The improvement in operating earnings was driven by higher freight rates, efficiencies gained from the integration of continuing operations, and synergies from the acquisition of Hamburg Süd, the Danish shipping and logistics company said in a statement published February 21.
However, margins in continuing operations were challenged and EBITDA was lower than initially expected at the beginning of the year, primarily due to an increase in bunker fuel prices not fully recovered by higher freight rates, it added.
“Although we had a challenging start to 2018, looking at our financial performance, we increased earnings despite significantly higher bunker fuel prices and lower than expected container volume growth in the second half of 2018. However, profitability needs to improve,” said Soren Skou, CEO of A.P. Moller-Maersk.

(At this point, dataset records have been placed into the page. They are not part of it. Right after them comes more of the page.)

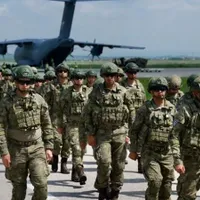 Soldați ajunși în Kosovo - Foto: Twitter/ Oana Lungescu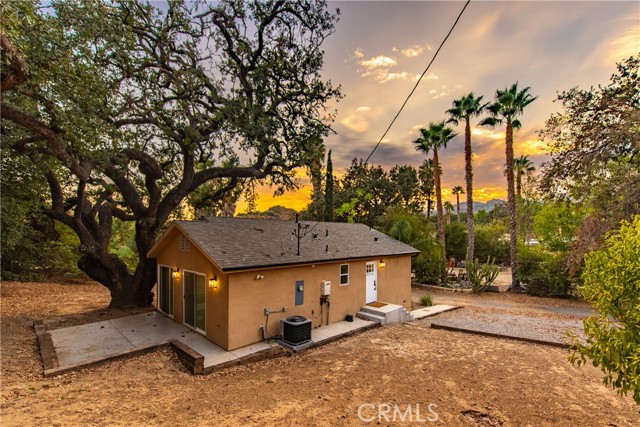 Detail Gallery Image 2 of 36 For 9210 Ventura Way, Chatsworth,  CA 91311 - 2 Beds | 1 Baths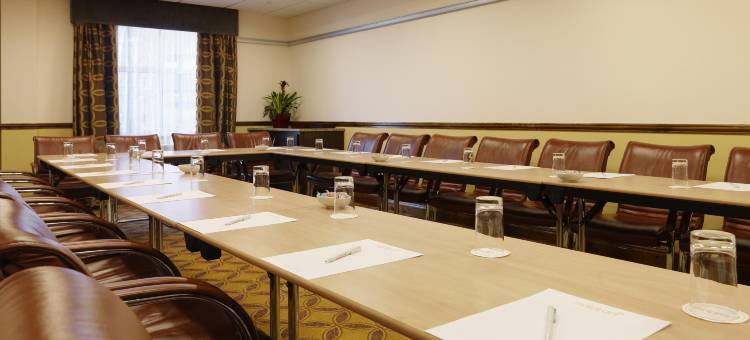 奥兰莫尔戈尔韦马德龙酒店及休闲中心(Maldron Hotel & Leisure Centre, Oranmore Galway)图片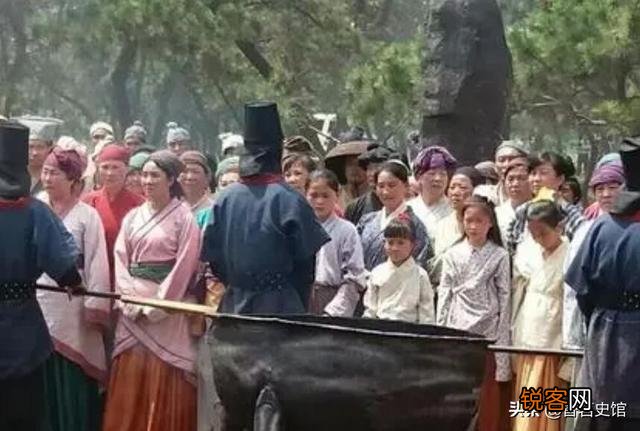 窦娥被官府冤杀,为什么却发下“三年大旱”毒誓,拉老百姓垫背？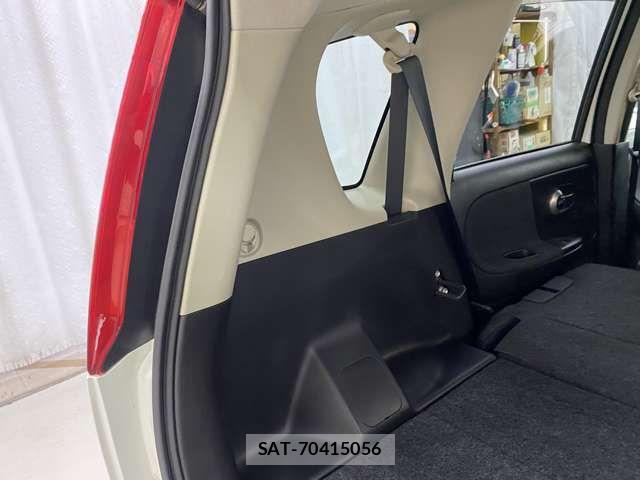 Nissan NOTE 2011-09 8850223-14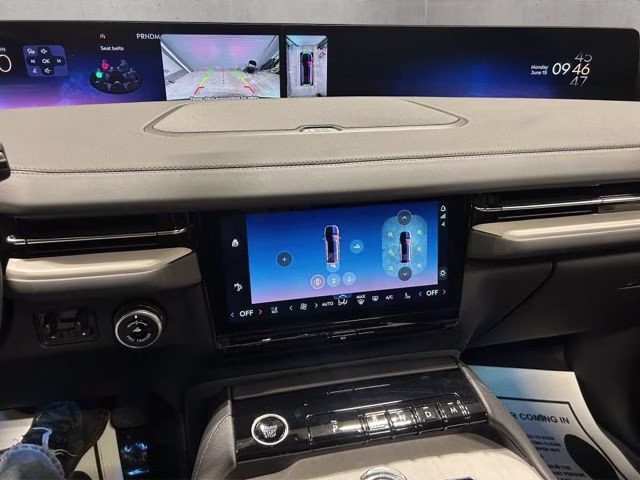 2026 Starlight Gray Premium Co Lincoln Navigator Reserve 4X4 SUV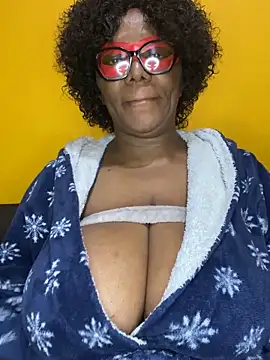Snapshot of BoobsQueeen chatting on 06-09-26, 02:56 BoobsQueeen online show from 06-09-26, 02:56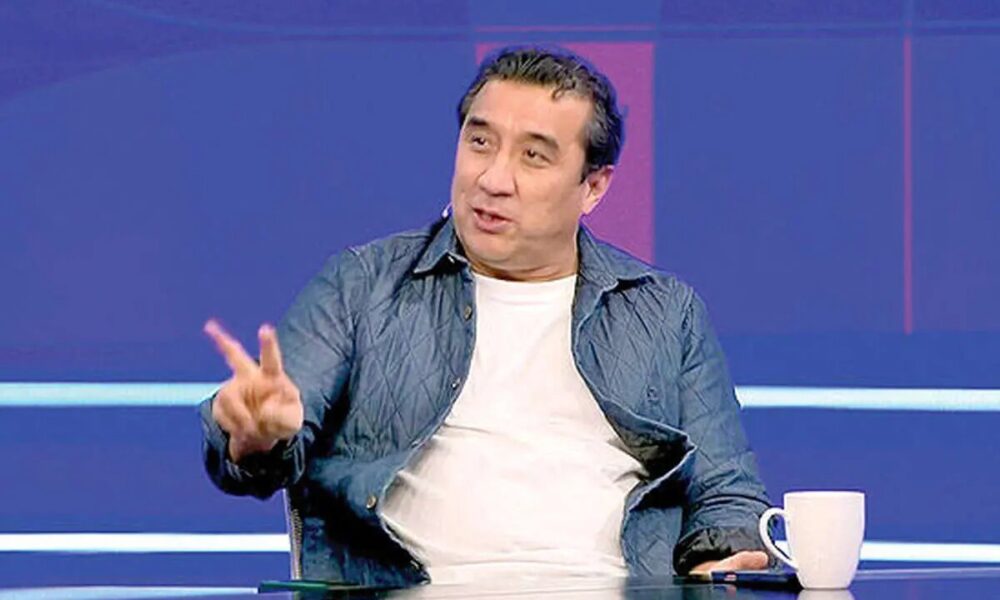 خداداد عزیزی در برابر خبرنگاران به التماس افتاد؛ به ما رحم کنید خداداد عزیزی در برابر خبرنگاران به التماس افتاد؛ به ما رحم کنید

Progress to transform Maersk continued in 2018 through integrated offerings, digital solutions and robust network improvements. Since 2016, the topline has grown by 43%, to $39 billion in 2018, an additional $12 billion in turnover.
“In 2018, we made significant progress in implementing our strategy. With the expected demerger and listing of Maersk Drilling in April, the separation of our Energy-related businesses will be almost complete,” said Skou.
“We have successfully integrated Hamburg Süd, accelerated our digital transformation and come together across sales, customer service, delivery and products as one company with customers at the centre of our attention. We are starting to see growth both in Ocean and non-Ocean segments.”
For 2019, Maersk expects EBITDA of around $5 billion including effects from applying international financial reporting standards, and around $4 billion excluding such effects.
The organic volume growth in ocean is expected to be in line with the estimated average market growth of 1% to 3% for 2019.
The world’s largest container shipping company is generally viewed as a global barometer for trade, at a time when the U.S. and China are locked in a protracted dispute.
“Maersk’s guidance for 2019 is subject to considerable uncertainties due to the current risk of further restrictions on global trade and other factors impacting container freight rates, bunker prices and foreign exchange rates,” the company stated.